WHAT THE TASK ASKS: Leaving out the pictures, retype the lines from the beginning of the listing through the line containing "2013�ڵ������ȴʰ�".

*** Begin section ***

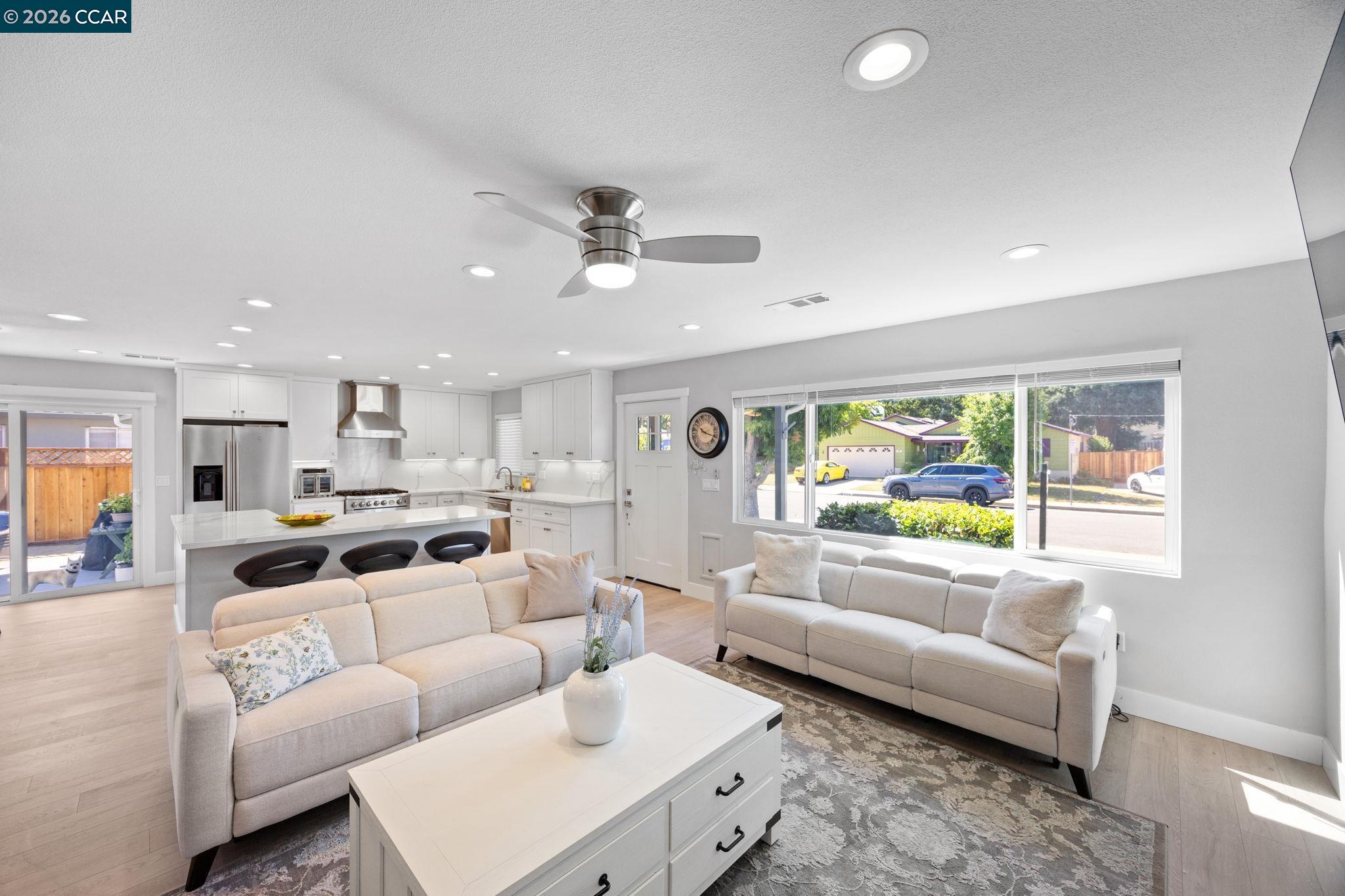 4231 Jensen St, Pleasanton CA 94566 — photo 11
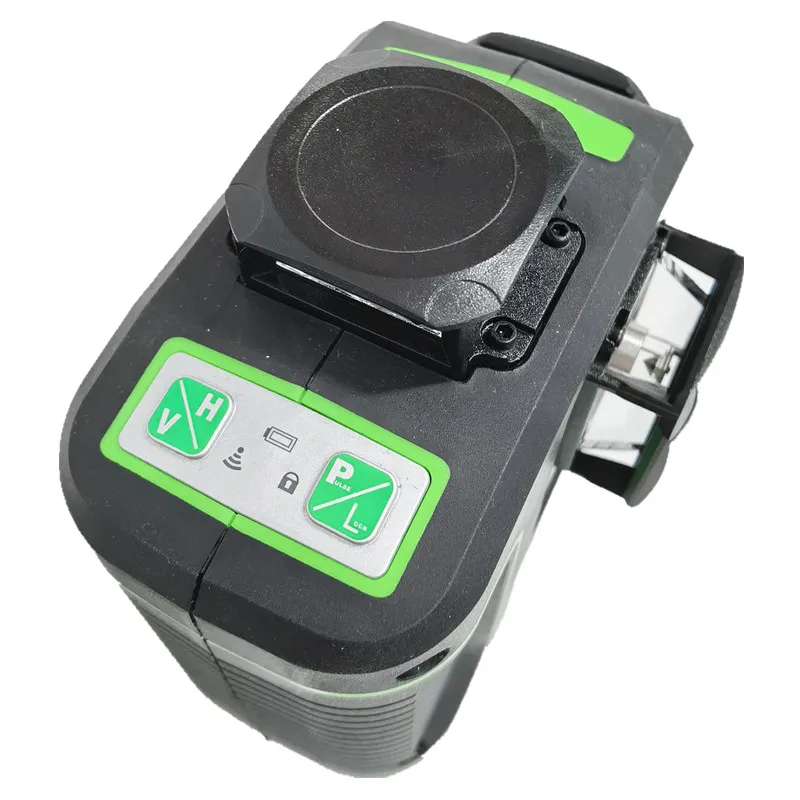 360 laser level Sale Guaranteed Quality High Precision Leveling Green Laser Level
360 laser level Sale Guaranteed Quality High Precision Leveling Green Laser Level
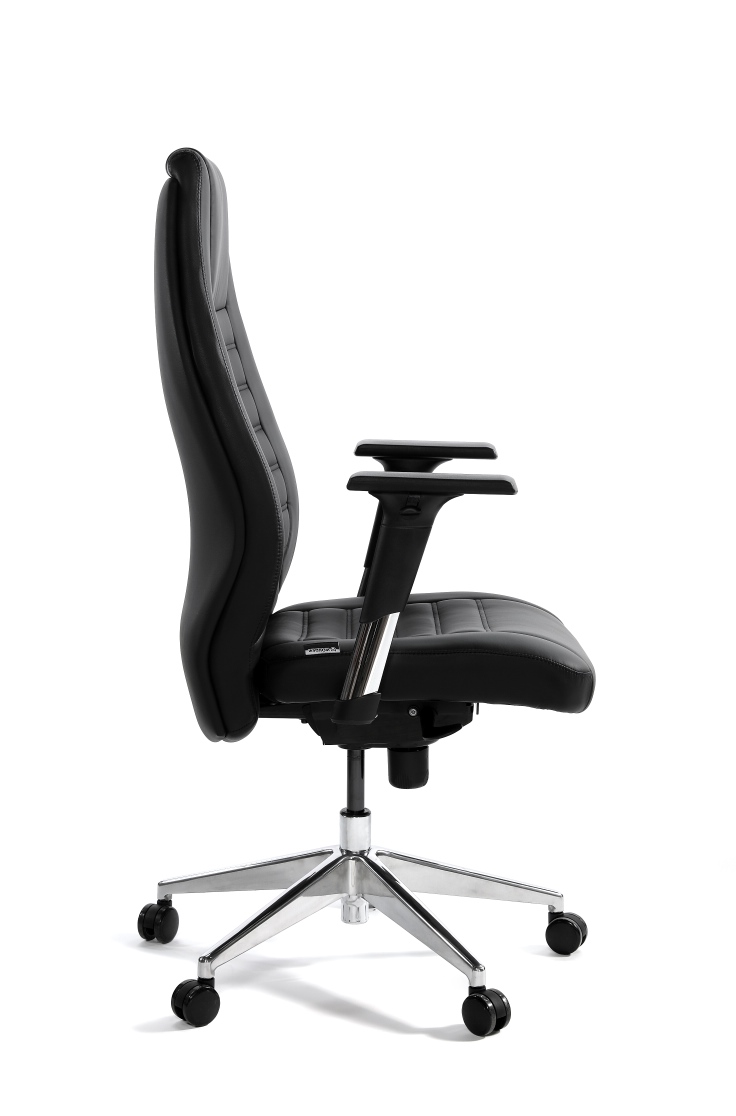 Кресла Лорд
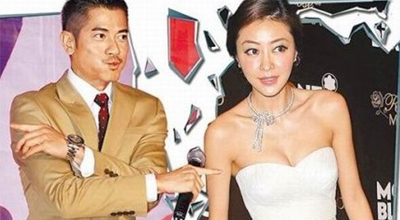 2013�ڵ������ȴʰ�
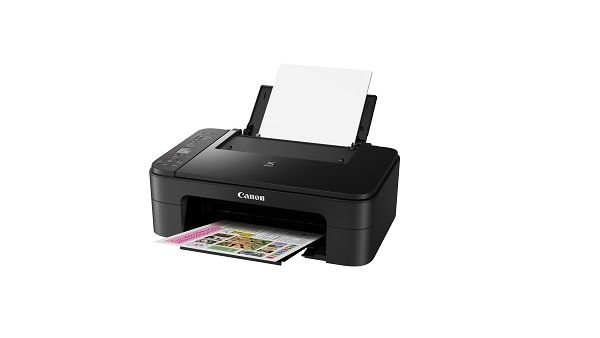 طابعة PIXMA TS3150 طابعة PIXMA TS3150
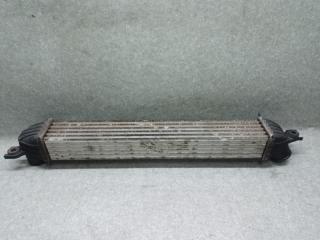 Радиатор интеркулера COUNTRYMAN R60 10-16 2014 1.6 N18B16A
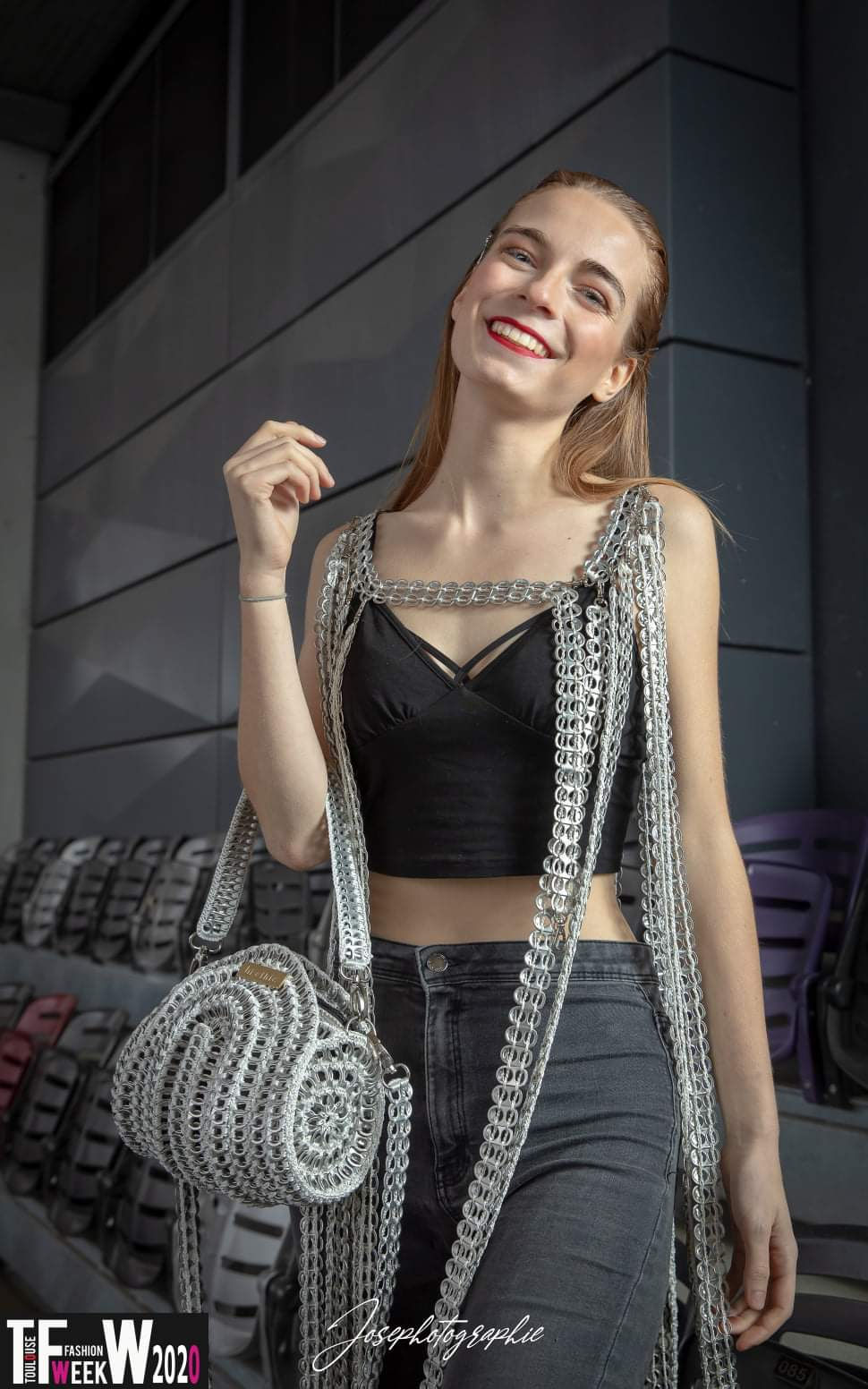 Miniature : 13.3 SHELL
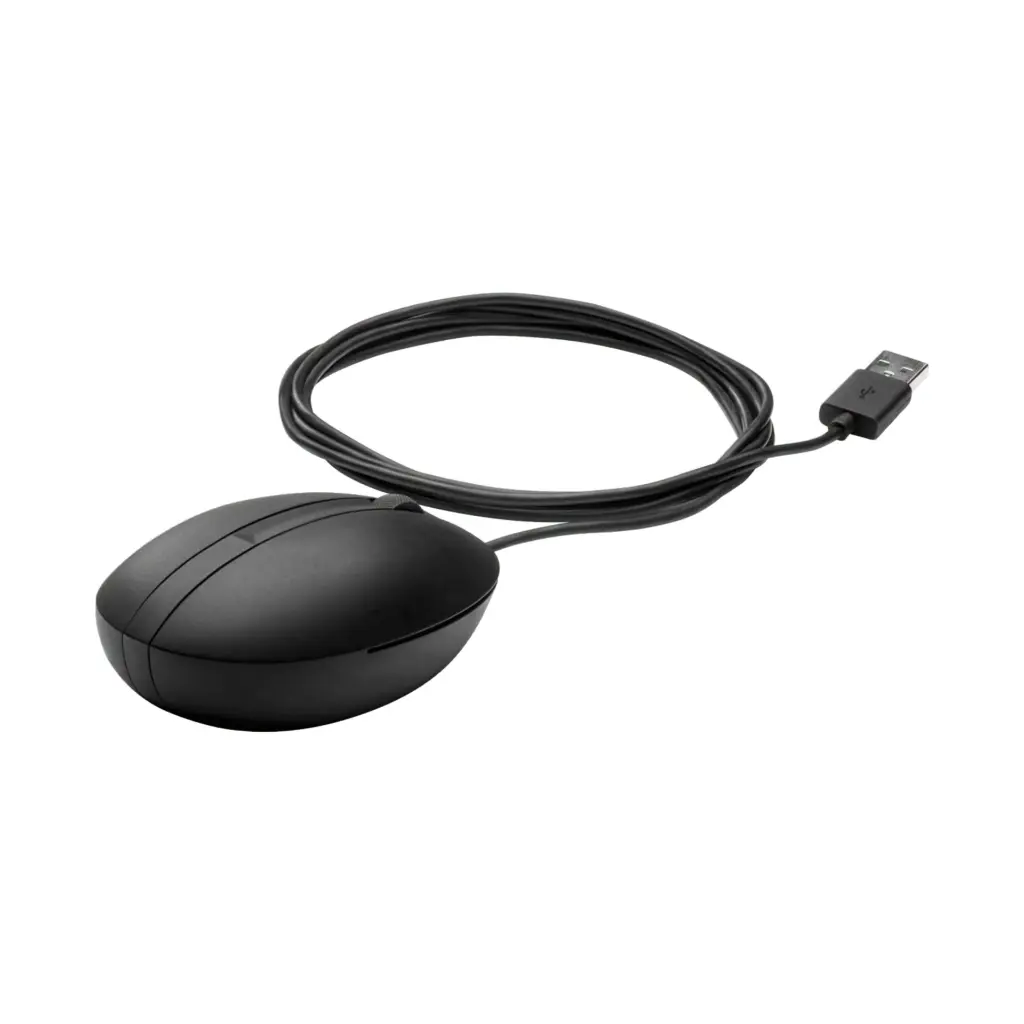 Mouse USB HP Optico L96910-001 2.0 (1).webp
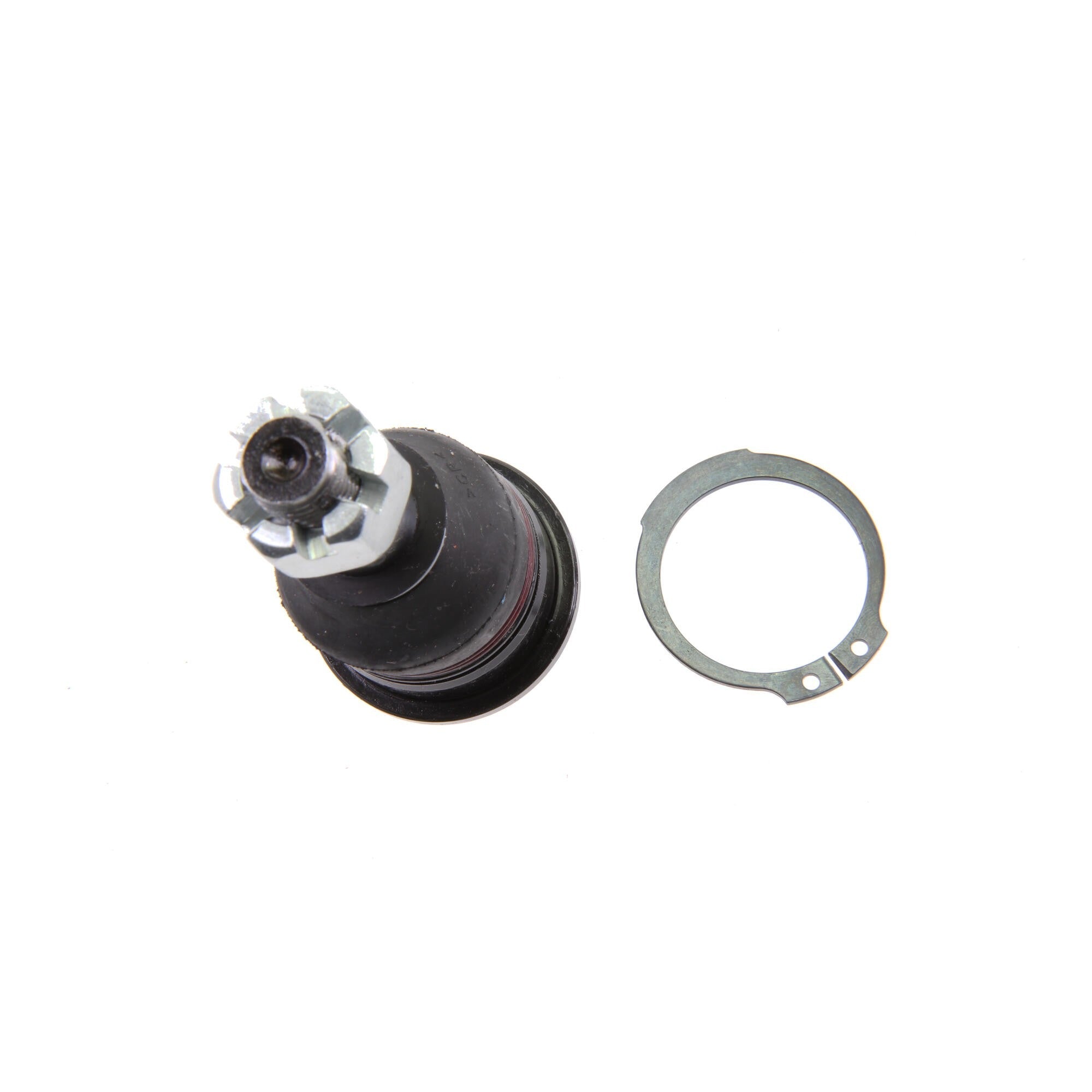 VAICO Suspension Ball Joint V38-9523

*** End section ***

RESULT:
 4231 Jensen St, Pleasanton CA 94566 — photo 11
 360 laser level Sale Guaranteed Quality High Precision Leveling Green Laser Level
360 laser level Sale Guaranteed Quality High Precision Leveling Green Laser Level
 Кресла Лорд
 2013�ڵ������ȴʰ�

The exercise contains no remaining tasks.